Tiradores hechos a mano y tacto de madera
Los tiradores hechos a mano cierran el conjunto con una nota muy concreta. No son un gesto decorativo aislado, sino una parte visible de la experiencia de uso. En los primeros planos, el metal y la madera conviven con una escala pequeña, casi doméstica, que contrasta con la amplitud de la puerta doble. Ese tipo de detalle hace que la carpintería se lea también al tocarla, no solo al verla desde el salón o desde el paso contiguo.
El acabado con aceite en roble deja un aspecto más mate y deja entrar la luz en la superficie sin brillo excesivo. La madera conserva variaciones naturales de tono, algo que se aprecia en cada hoja y en el marco que las rodea. En una casa con paredes claras y suelo de madera, esa decisión material evita el contraste duro y permite que la puerta encaje con la paleta existente. La presencia del roble no impone una imagen cerrada; acompaña el interior con una textura legible.
La carpintería a medida como respuesta al espacio
La pieza responde a un encargo muy concreto: una puerta doble a medida, con arco, vidrio y un lenguaje de madera que se ajusta al interior. La propia descripción del proyecto señala hasta dónde llega el trabajo personalizado, y las imágenes lo confirman en cada detalle. Se percibe en la forma del vano, en la adaptación del arco al bastidor y en la relación exacta entre la hoja y el entorno. Esa precisión es la que da sentido a la carpintería a medida cuando el espacio necesita algo más que una solución estándar.
También se ve cómo la puerta participa en la distribución visual de la casa. Desde una estancia se obtiene una línea de fuga hacia otra, y desde el pasillo la carpintería enmarca la profundidad de la vivienda. En una de las vistas, incluso la presencia de un mueble empotrado cercano refuerza la lectura de conjunto, porque el roble de la puerta dialoga con el resto de elementos de madera sin competir con ellos. La apertura, el vidrio y el arco trabajan juntos para que el paso tenga peso propio dentro del interior.
Un proyecto para mirar la casa a través del paso
En conjunto, estas puertas interiores de madera a medida muestran cómo una pieza de paso puede definir la atmósfera visual de varias estancias a la vez. El roble macizo, el vidrio y el arco redondeado construyen una presencia que se entiende mejor en movimiento: cuando la puerta se abre, cuando la luz cruza el paño acristalado o cuando el marco se ve en perspectiva desde otra habitación. Nada aquí depende de un gesto excesivo; el interés está en la relación entre material, forma y recorrido interior.

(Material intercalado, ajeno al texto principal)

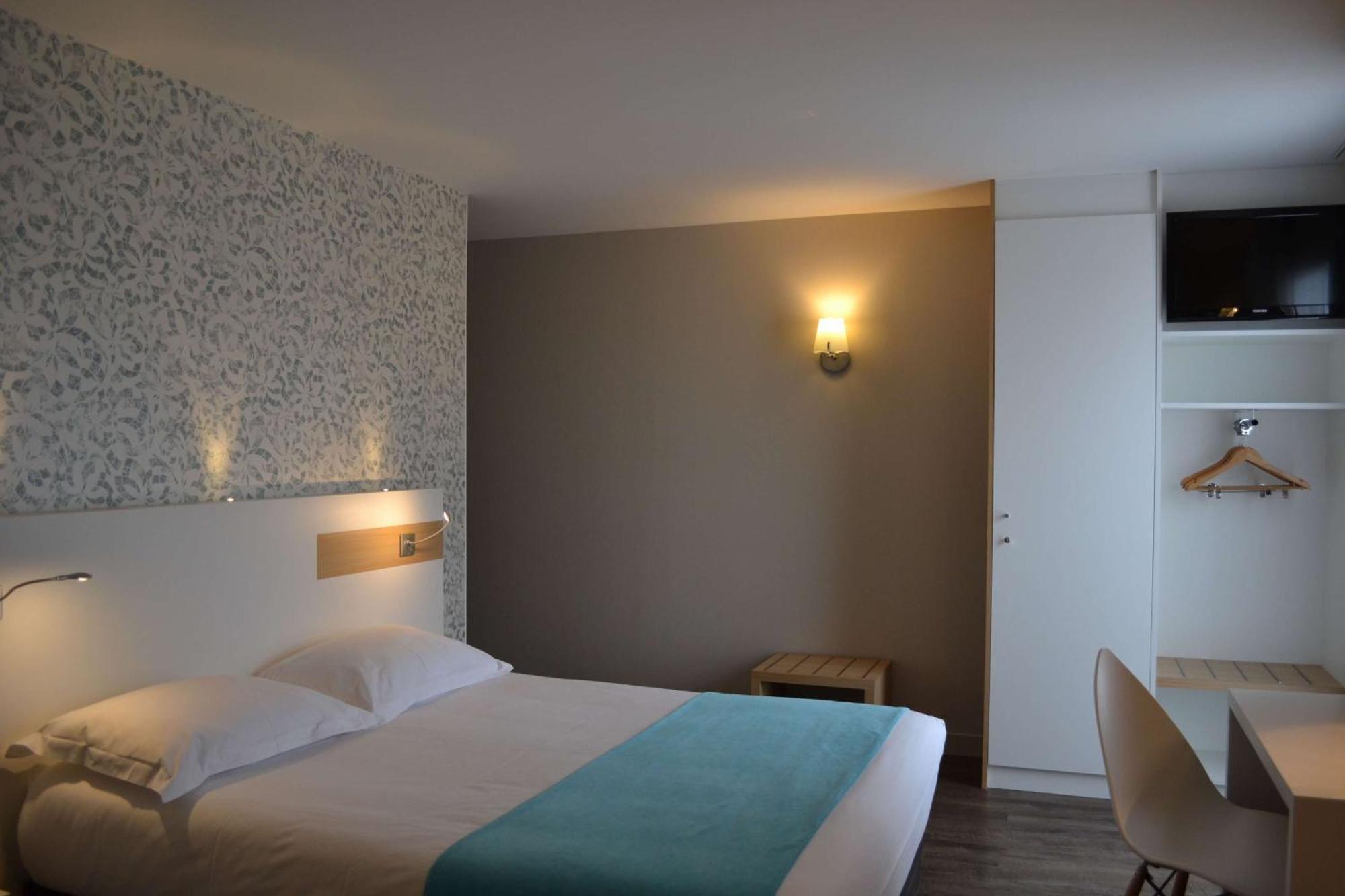 Brit Hotel Les Alizes Порнік Екстер'єр фото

La lectura final es la de una carpintería pensada para durar en el uso diario y para sostener la imagen del interior con discreción. Las superficies de roble, los tiradores hechos a mano y la geometría del arco hacen que la puerta sea más que un acceso. Se convierte en una pieza que organiza el umbral, deja pasar la luz y da continuidad a la madera dentro de la vivienda. Para quien busca referencia de puertas interiores de roble macizo, este proyecto resume bien cómo una doble hoja puede resolver espacio y presencia en una sola intervención.